[Top][All Lists]

[Date Prev][Date Next][Thread Prev][Thread Next][Date Index][Thread Index]

Re: [Gnu-arch-users] Binary Diff System in Arch

From: Tom Lord
Subject: Re: [Gnu-arch-users] Binary Diff System in Arch
Date: Wed, 4 Feb 2004 08:59:18 -0800 (PST)

    > From: Sam Phillips <address@hidden>

    >      I'm starting to contemplate work on a project, and I want to use
    >  Arch for revision control.  As part of the project I need to be able to
    >  store non-human readable data inside the tree. 

    >     I remember a thread a while back (it may have been about a year ago
    > now) where people were talking about having some kind of hooks for
    > diff/patch so that you could use Xdelta -- or some other delta'ing tool
    > -- in Arch.  I was wondering if anyone has been working on this and what
    > state this idea is in right now.

    >     If this needs works and is still worth doing I might take a stab at
    > it soon.

You got lots of good replies which could be summarized:

~ nobody is known to be working on it
~ we've talked about the design a big
~ the trick is to get diff and patch to "Do the Right Thing"
~ one way to do that is by wrapping diff and patch, another by
  modifying them
~ people will need your changes in one form or another if they
  are going to be able to read your archives

I'm going to follow up with two additional points:

~ in addition to changing diff and patch, you'll also need to 
  change diff3.

~ enclosed is an explanation of how things work and an outline of what
  needs to be done


* text vs. binary files

  GNU diff currently uses a heuristic to decide that a file is a 
  binary file before it does any further worth.  _As_I_recall_, the
  heuristic is to look at the first 1K (or is it 4K) of the file and,
  if any 0-bytes are found, assume that the file is binary.

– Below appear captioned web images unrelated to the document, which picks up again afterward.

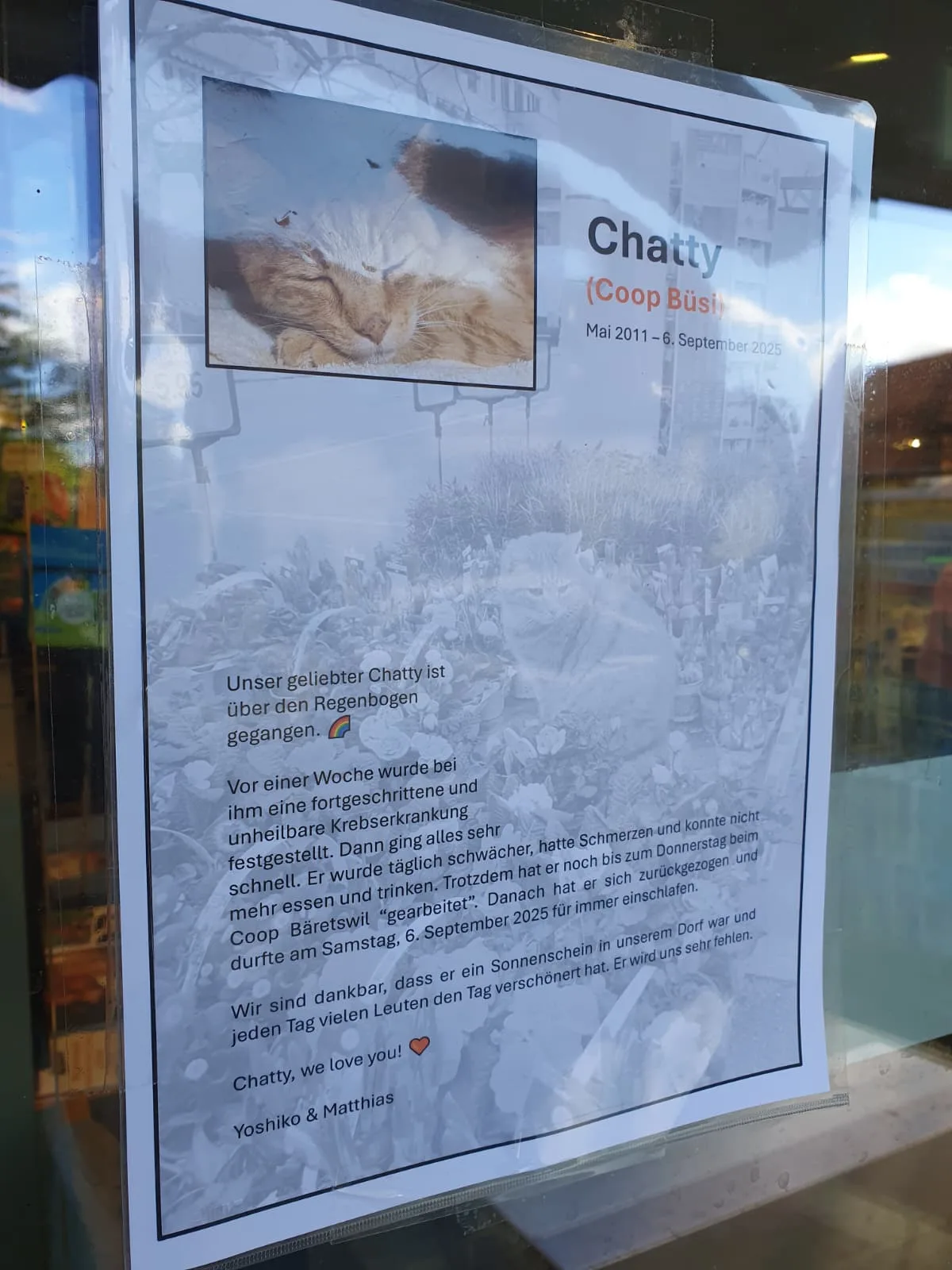 grosse Anteilnahme am Tod von Coop-Büsi Chatty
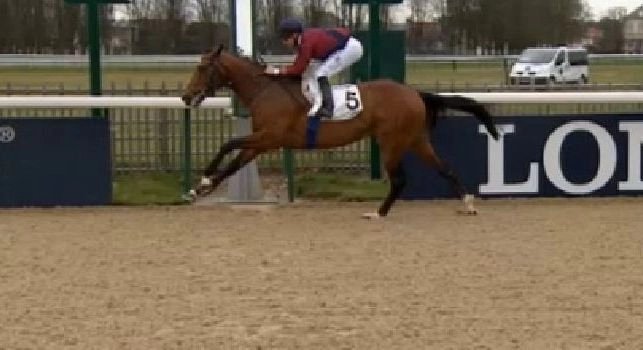 Bella notizia per Ancelotti: il suo cavallo Pittore vince per la 7° volta in carriera a Cagnes sur Mer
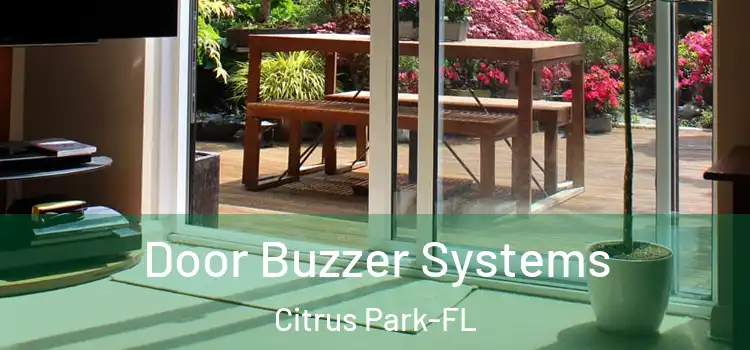 Door Buzzer Systems Citrus Park-FL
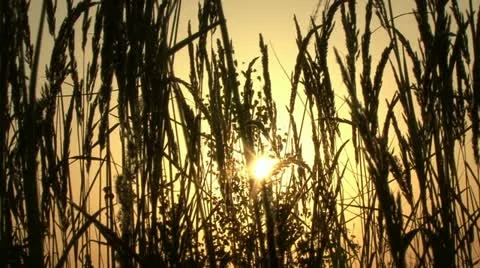 Sunset in field of cereal. Video stock 10825488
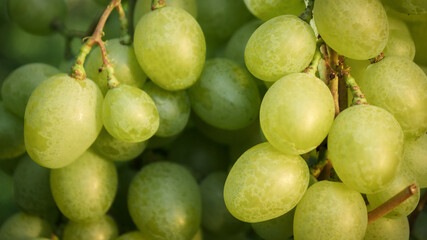 Closeup dolly shot of ripe white grapes growing in vineyard. Concept of natural grapevine, agriculture and harvesting.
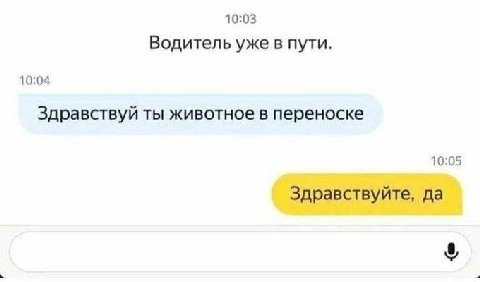 10:03 Водитель уже в пути. 10:04 Здравствуй ты животное в переноске 10:05 Здравствуйте, да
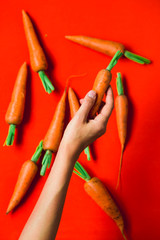 A bunch of fresh carrots in hand on red background.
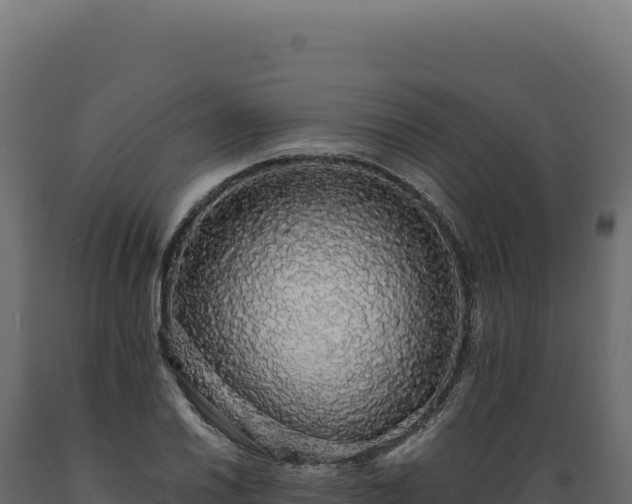 X0000089961030200707061136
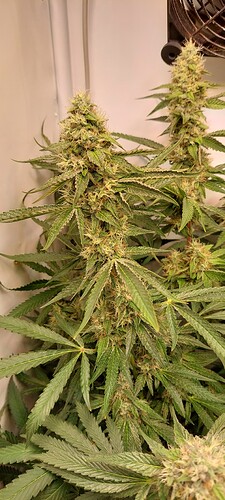 Growreport Bild 5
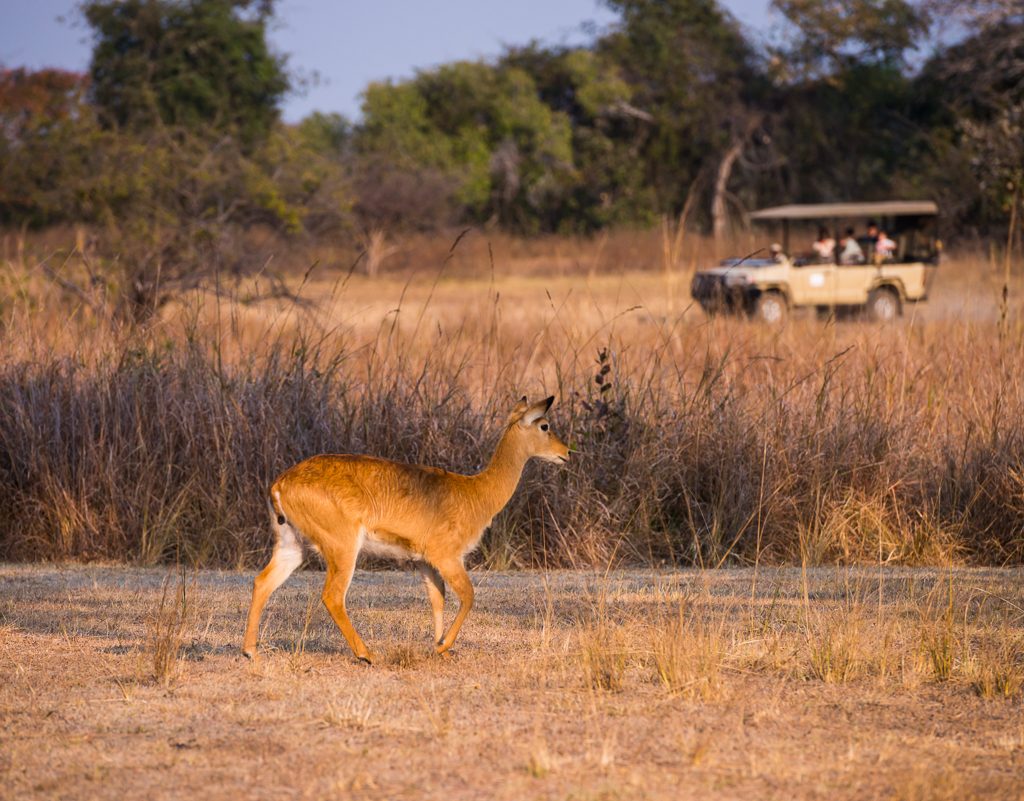 Kafue national park game drive puku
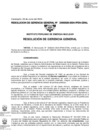 Vista preliminar de documento 028-2024-GRAL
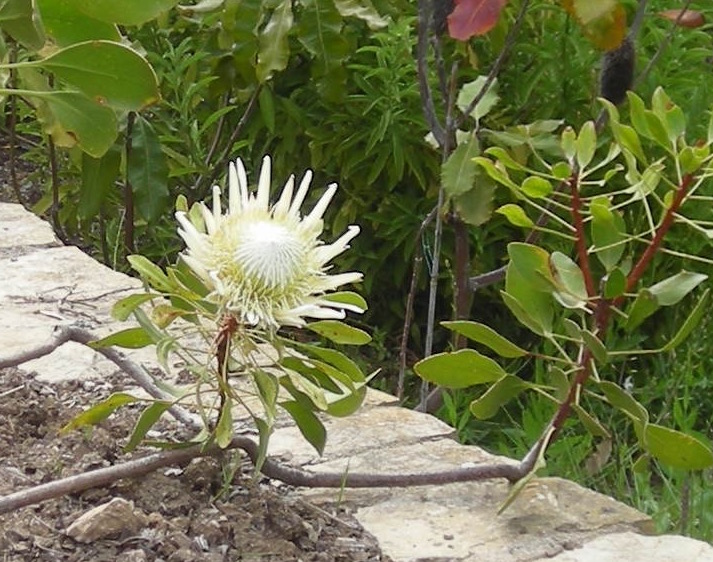 Une petite balade dans les jardins de MC - Page 5 Dscn3925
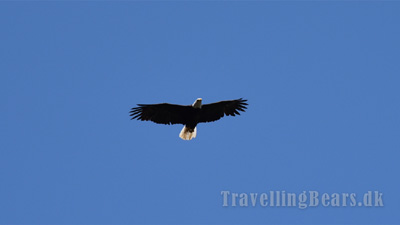 Travelling Bears spotting bald eagles above Highway 299, 
				California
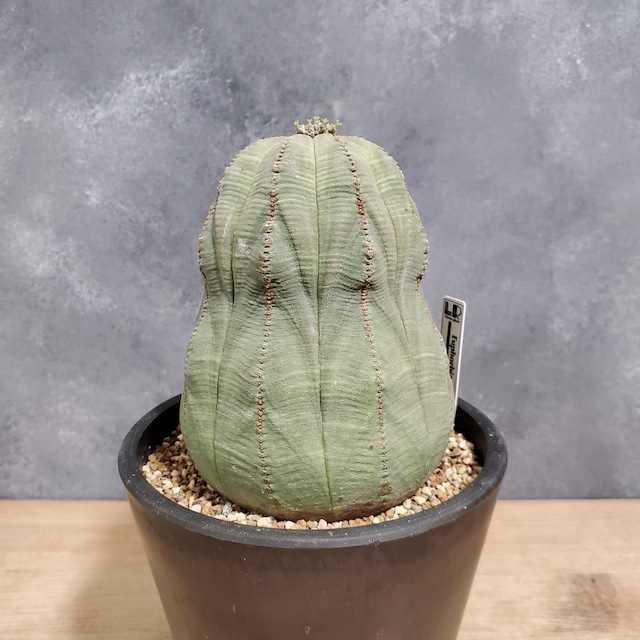 【大株10cm】Euphorbia obesa ユーフォルビア オベサ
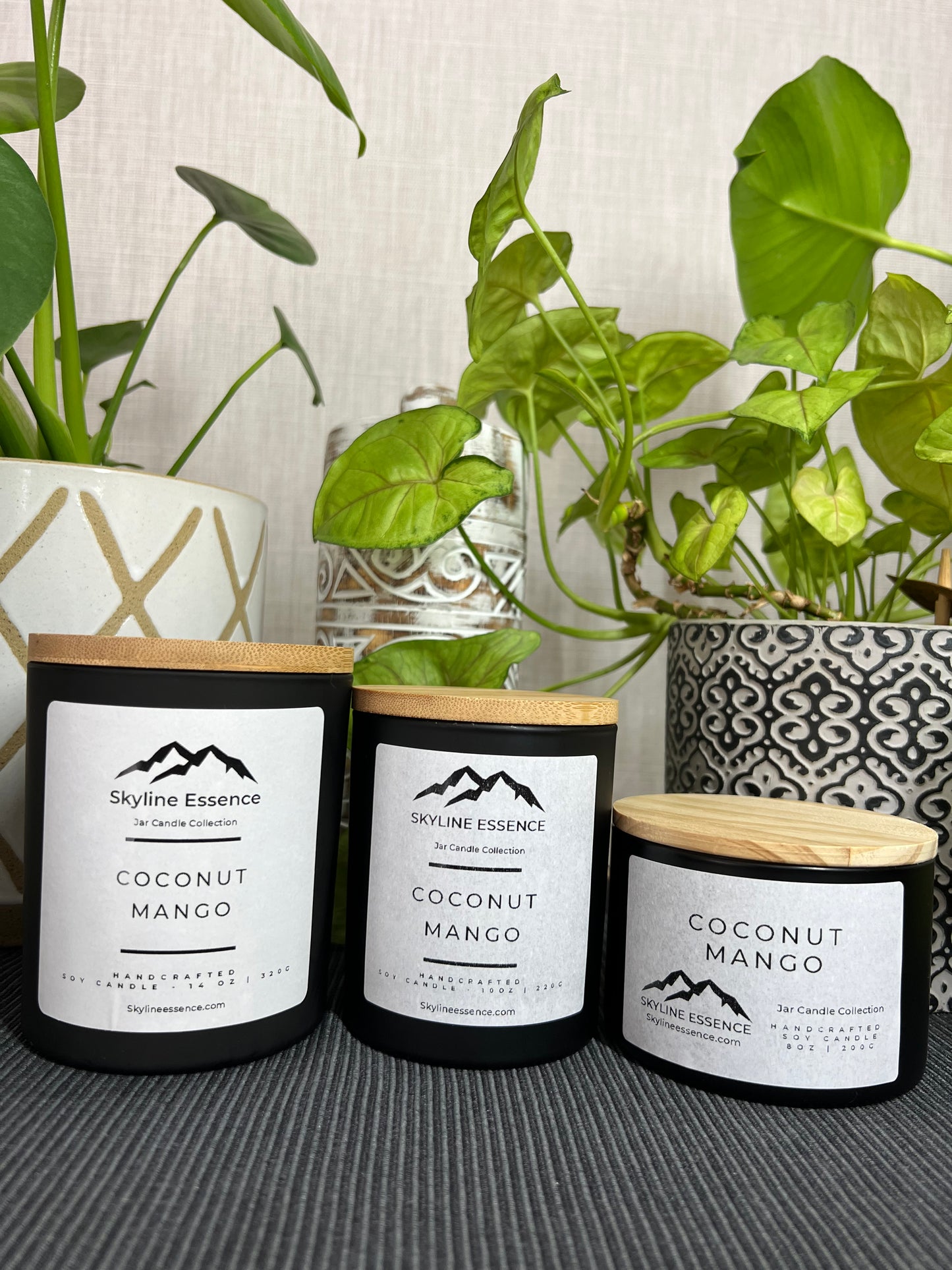 Coconut Mango - Matte Black Jar
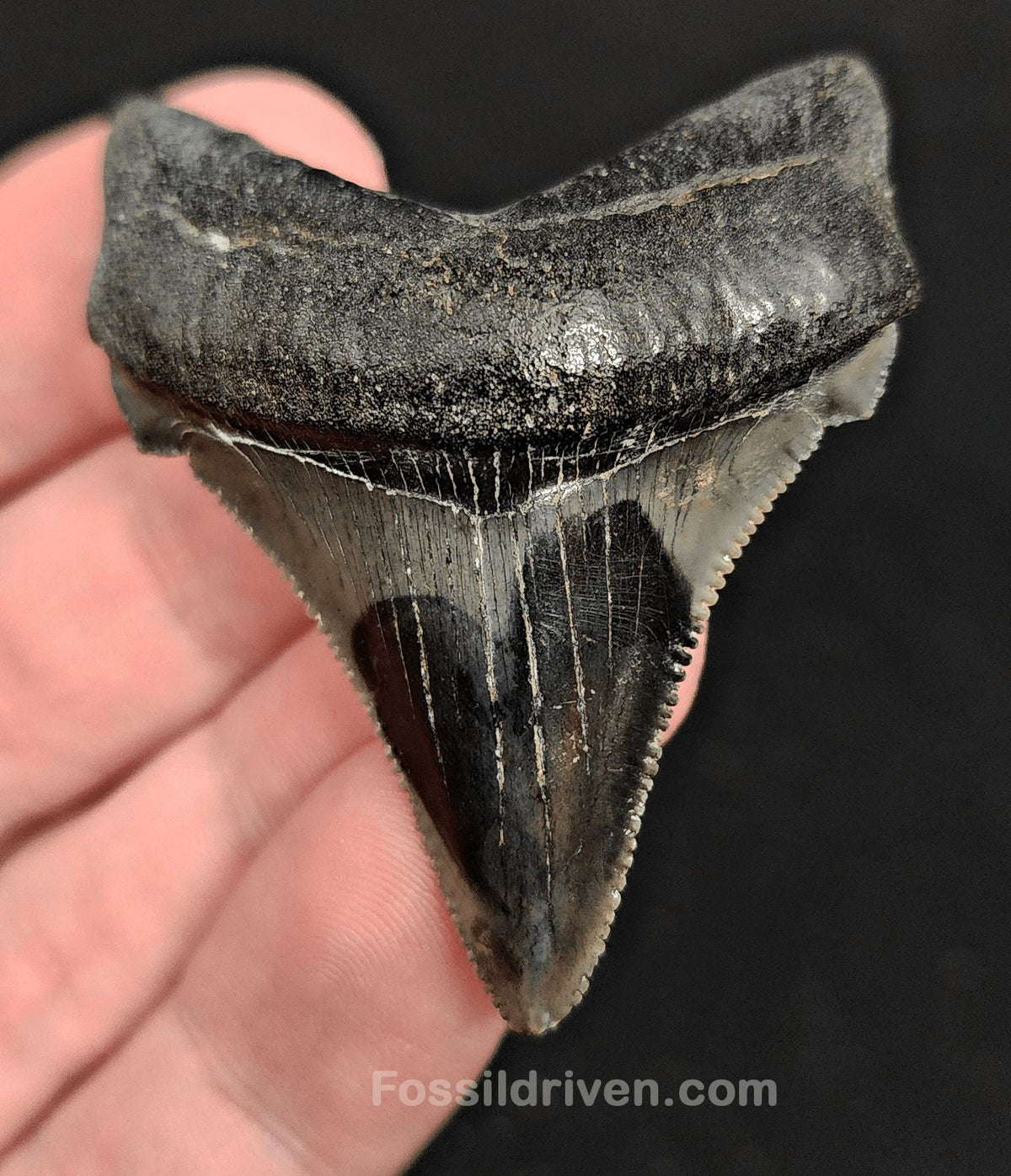 2.14" Fossil Angustidens Shark Tooth – South Carolina (Otodus angustidens) - Fossil Driven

  (GNU diff _may_ currently have -- or could be expected to have in
  the future -- additional heuristics.)

  When comparing binary files, rather than emitting useful diffs, diff
  just says "binary files differ" or "binary files are the same" as
  the case may be.

* diff output vs. patch

  Patch reads its input file and tries (tolerantly of extra junk)
  to parse it as one of the output formats of diff.   Of course,
  a string like "binary files differ" means nothing to patch
  and it will exit with an error given such input.

* tla binary file detection

  tla trusts diff to detect binary files.  It uses a crude
  technique: looking for the the string "binary files" at the 
  start of diff output.   Strangely enough, this seems to work
  regardless of how a users locale is set.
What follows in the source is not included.